The steps that Intel takes to update its processors are well documented, and old hat to anyone who follows the CPU industry. It is referred to as the company's "tick-tock" strategy, where the tick represents a node shrink that can squeeze more transistors into a smaller die, followed by a tock that indicates a significant architecture update. This repeats itself in a cycle of roughly a year and a half cadence. Last year's 22nm Haswell processor was a tock, so we're fast approaching the next tick: essentially a Haswell die shrink to 14nm, that tick is known as Broadwell.
If you're already familiar with this, then you already know what we expect from Intel's ticks: smaller processors, lower power usage, higher performance per watt, and similar overall performance compared to the previous generation product. That expectation shouldn't belittle the accomplishment as much as highlight the company's consistency over the last few product generations. What may surprise you is that this progression has resulted in a Haswell-Y processor with a TDP low enough to enable fanless enclosures less than 9 millimeters thick. That's an arena that Intel's Core brand has never ventured into before. But more on that later, let's start our analysis with the star of the show: Intel's new 14nm process node.
The 14nm Node: 2nd Generation FinFET
It might seem reasonable to assume that the numerical designation of a process node refers to a specific dimension (i.e. the 22nm node or 14nm node). While this was the case in early generations where the measurement corresponded to the smallest part of the transistor (usually the gate), this relationship no longer exists in modern nomenclature.

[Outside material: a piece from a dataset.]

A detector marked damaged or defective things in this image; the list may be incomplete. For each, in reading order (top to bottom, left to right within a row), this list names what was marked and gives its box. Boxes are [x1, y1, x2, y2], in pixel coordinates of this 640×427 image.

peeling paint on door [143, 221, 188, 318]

Today's nodes are named after a theoretical representation designed to indicate its average physical scale relative to previous generation nodes. For example, if we compare Intel's 22nm to 14nm nodes, we find that transistor fin pitch (the space between fins) has been reduced from 60nm to 42nm, transistor gate pitch (the space between the edge of adjacent gates) has gone from 90nm to 70nm, and the interconnect pitch (the minimum space between interconnecting layers) has changed from 80nm to 52nm. An SRAM memory cell that takes up 108 square nanometers of area on the 22nm node scales down to 59nm2 on the 14nm node.
Those dimensions range from a scaling factor of 0.70x (the transistor fin pitch size) to 0.54x (SRAM memory cell area scaling). If you take the number 22 and multiply it by 0.64x you end up with about 14, so it's probably fair to say that Intel assigned an appropriate numerical designation to its 14nm process node. In fact, the Broadwell-Y die has about 63% less area than the Haswell-Y die.

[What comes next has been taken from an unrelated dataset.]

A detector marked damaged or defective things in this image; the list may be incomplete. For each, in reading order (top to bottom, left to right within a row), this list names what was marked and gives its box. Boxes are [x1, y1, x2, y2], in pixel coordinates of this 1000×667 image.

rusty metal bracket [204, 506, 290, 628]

Intel's 22nm node is the company's first-generation FinFET (also known as Tri-Gate) transistor design. The new 14nm process represents Intel's second-generation FinFET, with a tighter fin pitch for improved density. Combining this with taller and thinner fins results in higher drive current and better transistor performance. The number of fins per transistor has been reduced from three to two, which also improves density while lowering capacitance.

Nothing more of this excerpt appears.